Integrating Reading and Writing for College Success: 10 Maxims for Developmental Students
Recorded by Kim Flachmann
NADE Conference on February 23, 2012
Kim Flachmann states that often, the way developmental students learn is not just based on their preferred learning styles, but also the “baggage” they bring along with them, which can include family issues, a language barrier, a lack of respect for education and educators themselves, little to no reading or writing instruction, consistent failure in high school, and a general lack of guidance. She believes, however, that students can rise above whatever their personal circumstances may be if educators just place the responsibility for acquiring skills and knowledge firmly on the students. The student-teacher relationship should be considered a partnership if they’re going to succeed. The ten maxims that Kim explains in this podcast, in her experience, have helped students achieve this level of learning responsibility by also creating an environment that will foster good work.
The first maxim is, “Students build confidence in their ability to read and write by reading and writing.” Providing students with a lot of ungraded writing opportunities takes a bit of the pressure off of them while still providing them with the practice they need in order to improve.
The second maxim is, “Students learn best from discovery and experimentation rather than from instruction and abstract discussions.” If students can discover how reading and writing work for themselves with a little guidance from instructors, they are more likely to retain that information.
Maxim number three is, “Students profit from studying both professional and student writing.” Pieces of professional writing serve as excellent models for students and give them the opportunity to discover what makes each piece work so well. Student writing helps them see what they are capable of accomplishing themselves.
The fourth maxim is, “Students need to discover their personal reading and writing processes.” It’s easy for students to read and hear about typical approaches for reading and writing, but what they really need to do is experiment with these different processes to find out what works best for them.
Maxim number five is, “Students learn both individually and collaboratively.” Peer work should be built into classes wherever possible towards the beginning of the semester so that students can learn from their peers, but slowly progress to more individual work as they learn and come into their own learning styles so that the responsibility shifts from a group one to a personal one.
The sixth maxim is, “Students benefit most from assignments that actually integrate reading and writing.” Research indicates that students learn best when reading and writing are integrated. This can be accomplished by asking students to annotate when they read or reading notes while they write.
The seventh maxim is, “Students learn how to revise by following clear, constant guidelines.” When it comes to developmental students, revision without constant guidelines does not tend to work.
The eighth maxim is, “Students learn grammar and usage rules by editing their own writing.” Students should identify and correct the problems in their own writing, or in their peers’ writing, rather than complete isolated grammar exercises.
Maxim number nine is, “Students should be able to transfer their reading and writing skills to all their college courses.” Students should go beyond just completing what’s asked of them and actually understand what they’re doing so that those skills can be carried with them wherever they go.

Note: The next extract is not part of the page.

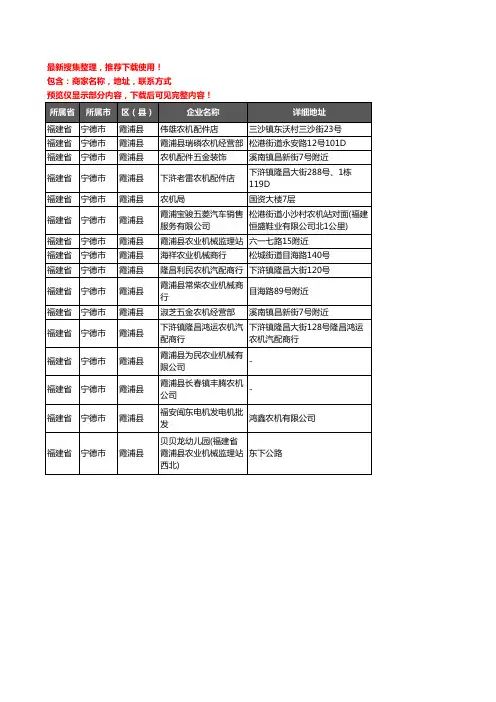 新版福建省宁德市霞浦县农机企业公司商家户名录单联系方式地址大全16家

The tenth and final maxim is, “Students must think critically or analytically to succeed in college.” Students should not only be able to analyze an idea but also integrate it with their own ideas.
In order to reach the ultimate goal of critical thinking, the key is metacognition, because once students understand how reading and writing work, they can take those skills out into the world with them and have them come naturally.
Kim Flachmann teaches English and directs the writing program at California State University Bakersfield. She starts with the reality that learning for developmental students often depends upon more than their basic learning styles. External issues such as family problems, incomplete language acquisition, a lack of respect for education in the home, no sustained reading or writing instruction, no access to reading materials in the home, constant high school failure, disrespect for authority, and a general lack of guidance in their lives. However, no matter those challenges, all students can rise above when the responsibility for learning is placed on students themselves.